44 Anshun estoppel can also apply to preclude a cross-claim although in that context special difficulties may arise as was recognised by the Full Court in Bryant v Commonwealth Bank of Australia (1995) 57 FCR 287 (Beaumont, Wilcox and Moore JJ). The Full Court said at 297-298:
… in contrast to defences, many cross-claims may have little or no connection with the principal claim in the action; there may be no more than an identicality of parties. Where that is so, there may be no policy justification for forcing defendants to litigate their claims as cross-claims rather than as principal claims in separate actions in the forum of their choice.

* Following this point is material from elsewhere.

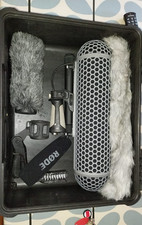 RODE NTG3 SHOTGUN MIC. Silver. With Blimp, furry, pistol grip and cover.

But, where, as here, a defendant's claim is intimately connected with that of the plaintiff, in the sense that each arises, substantially, out of the same matters of fact, there is every reason to require that both be litigated at the one time; thereby minimising costs and avoiding the possibility of inconsistent judgments …
45 I am satisfied that Mr and Mrs Menzies' claim for relief under the 2006 Act could and should have been raised by them in their proceeding in the Supreme Court in which they sought orders setting aside the guarantee on the basis that it was unjust and unfair. The relief sought by Mr and Mrs Menzies in this Court would, if granted, have provided them with a complete defence to the case brought against them by Paccar Financial in the Supreme Court. Further, the subject matter of the Supreme Court proceedings and this proceeding are so closely related that it was unreasonable for Mr and Mrs Menzies not to have raised their claims for relief under the 2006 Act in the same proceedings in which they raised their closely analogous claims under (inter alia) the Contracts Review Act 1987 (NSW).
46 This is a very clear case in which the principles discussed in Anshun apply to prevent Mr and Mrs Menzies' maintaining their claims under the 2006 Act in this proceeding.
47 Paccar raised various other arguments suggesting that Mr and Mrs Menzies claims under the 2006 Act were bound to fail. These included arguments that the guarantee was not a services contract within the meaning of s 5(1) of the 2006 Act. It is not necessary to address those other arguments which raise questions concerning the potential application of s 5(4) in the circumstances of this case.